*** Begin section ***

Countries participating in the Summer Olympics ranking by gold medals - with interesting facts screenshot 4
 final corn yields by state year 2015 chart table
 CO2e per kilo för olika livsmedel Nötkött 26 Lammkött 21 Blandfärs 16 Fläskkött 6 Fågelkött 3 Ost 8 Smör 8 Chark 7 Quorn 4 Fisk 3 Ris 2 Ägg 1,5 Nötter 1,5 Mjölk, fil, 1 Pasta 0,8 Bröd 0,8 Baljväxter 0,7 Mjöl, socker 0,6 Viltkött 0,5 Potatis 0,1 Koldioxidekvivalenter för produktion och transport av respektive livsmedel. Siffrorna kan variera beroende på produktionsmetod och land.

*** End section ***

● **TO DO**
Write down again the exact lines running from the beginning of the data to the line containing "final corn yields", with both ends included.

● **RESULT OF THIS EXERCISE**
Countries participating in the Summer Olympics ranking by gold medals - with interesting facts screenshot 4
 final corn yields by state year 2015 chart table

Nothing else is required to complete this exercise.